[Extracted data — start]
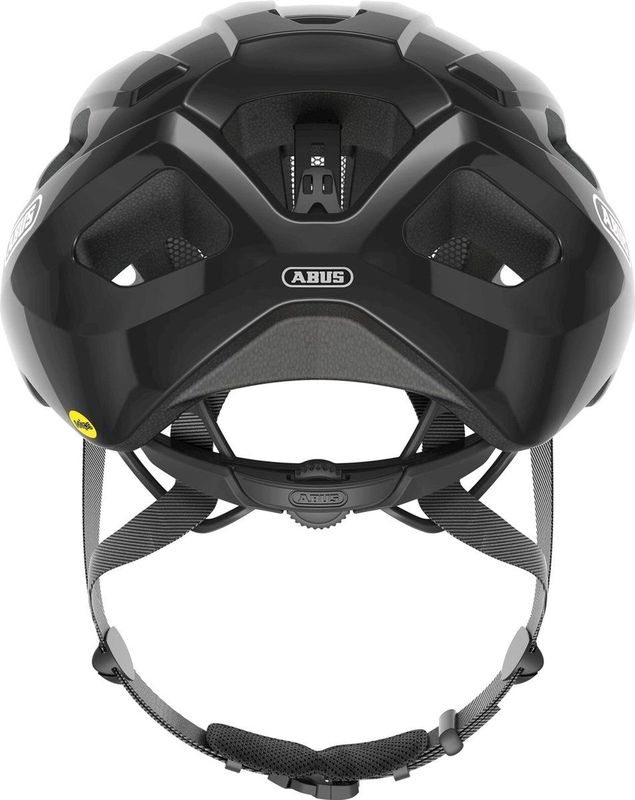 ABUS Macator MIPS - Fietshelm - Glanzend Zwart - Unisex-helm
[Extracted data — finish]
[Extracted data — start]
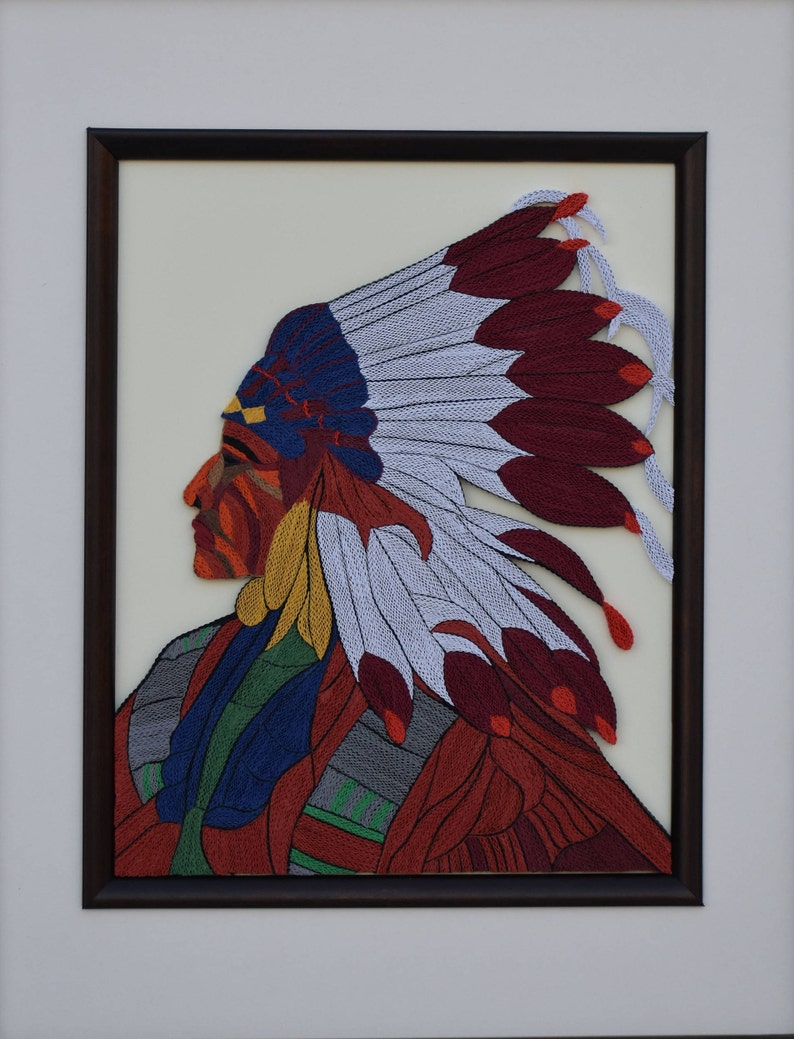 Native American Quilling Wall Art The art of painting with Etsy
[Extracted data — finish]
[Extracted data — start]
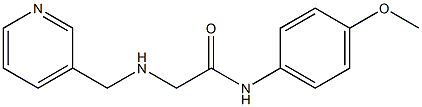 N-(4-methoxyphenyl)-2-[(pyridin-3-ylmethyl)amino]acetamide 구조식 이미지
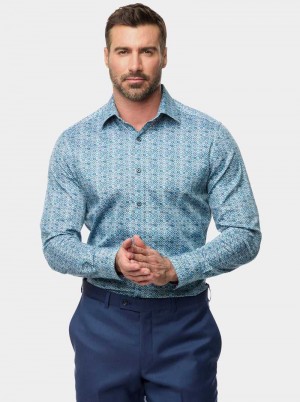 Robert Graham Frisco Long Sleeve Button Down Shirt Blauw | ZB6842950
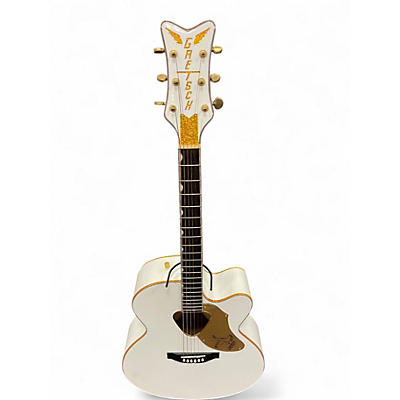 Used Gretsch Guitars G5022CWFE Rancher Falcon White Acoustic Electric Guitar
[Extracted data — finish]
Assignment ::
Copy the lines above exactly, starting with the line that contains "Robert Graham Frisco" and ending with the line that contains "Used Gretsch Guitars", and leave out any pictures.

Your response ::
 Robert Graham Frisco Long Sleeve Button Down Shirt Blauw | ZB6842950
 Used Gretsch Guitars G5022CWFE Rancher Falcon White Acoustic Electric Guitar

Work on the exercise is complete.